Malaysia Day message from MCA President Datuk Seri Dr Chua Soi Lek
Sept 16, 2010 is a day that will go down in the history of Malaysia as we celebrate and give due recognition to Malaysia Day.
It is a day of great significance because we get to record a momentous day to commemorate the unification of east and west Malaysia as one nation.
It underscores the meaning of co-operation, unity and integration which reinforces the thrust of a truly One Malaysia.
The commemoration of Malaysia Day marks a milestone for the country which has gone through great challenges since Sept 16, 1963 when Sabah and Sarawak joined with the Federation of Malaya to form Malaysia .
While we look forward, we must also not be afraid to remind ourselves of the past mistakes we have made.
Let us look back before we can look ahead with renewed vigour to face greater challengers together with better courage, a clearer mind, balanced perspective, rightful thinking and not wishful thinking.
Malaysia Day is a reminder of the country’s richness in diversity, multiculturalism and multi-ethnicity and we should stand proud of what we have.
If we have used such diversity in promoting Malaysia as a tourism effort, then there is no wrong in embracing multi-ethnicity from the political point of view.
Just as through dances portraying the various cultures that we have showcased to the world, I do not see why we cannot embrace diversity in our daily and political lives as well.
We should be proud of our diverse heritage and we should make no apologies for it.
We must remember that without Sabah and Sarawak, there will be no Malaysia today.
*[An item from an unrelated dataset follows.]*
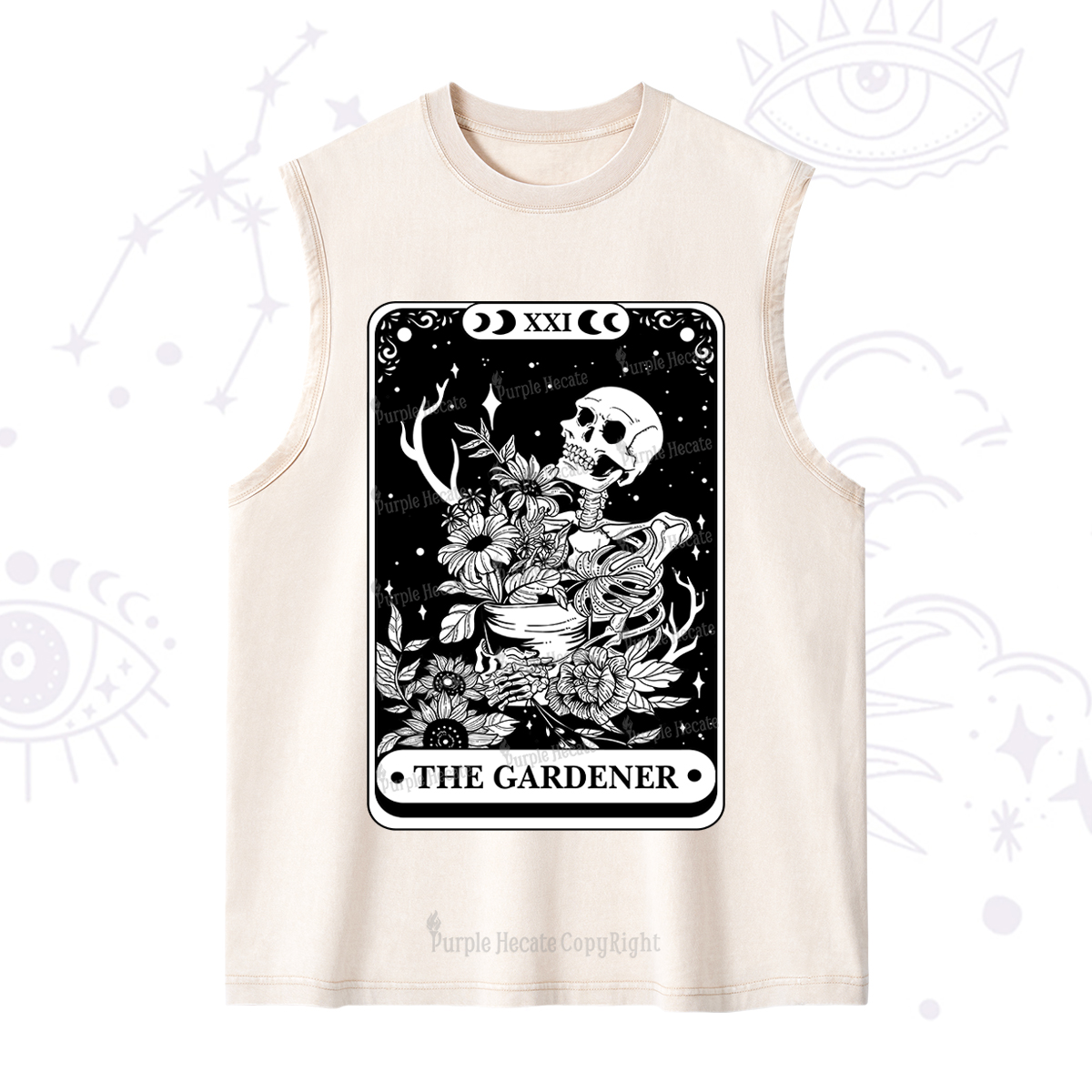 Purplehecate The Gardener Tarot Card Washed Tank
It is a historical fact that these two states help in the formation of Malaysia .
Let us not forget that Sabah has 32 officially recognized ethnic groups and Sarawak which is home to 28 ethnic groups makes up a sizable extent of the population composition in the country.
It is this large group of Malaysians from the two Borneo states that we sometimes forget. It is not only the Malays, Chinese and Indians but that of our brothers and sisters in Sabah and Sarawak that make up the voices of Malaysia .
The hopes and aspirations of all Malaysians must be given recognition. No one should be left out.
Just as we reflect our diversity in tourism brochures, it is also befitting to remind Malaysians that we should not tolerate racism.
No matter what, Malaysia must continue to stay intact as a nation which thrives on merit, hard work and togetherness.
There is no room for racist supremacists or ultra champions of any religion. Let us be reminded that racism in whatever form is not healthy. It is counter productive.
Any insidious emergence of racism and religious extremism or fanaticism must be nipped in the bud and not allow to fester or else we will be opening the doors to the evils of racial unrest.
We have reached thus far and would be a great pity to only lose it all because of some inconsequential remarks made by some racists and bigots.
Malaysia Day should not be just another public holiday for us to enjoy. Let us spare a moment to think of how we want to shape Malaysia in 10 or 20 years to come.
Although the recognition of Malaysia Day has come 47 years late but as the saying goes, it is better late than never and Datuk Seri Najib Tun Razak should be given credit for making this day possible during his tenure as Prime Minister.
Today’s celebration marks the birth of many wonderful things to come for the people of Sabah and Sarawak and outlines the emphasis of the government’s recognition to both states for the birth of Malaysia .
At the end of the day, we should think, act and communicate as one, with no boundaries to separate us as Malaysians.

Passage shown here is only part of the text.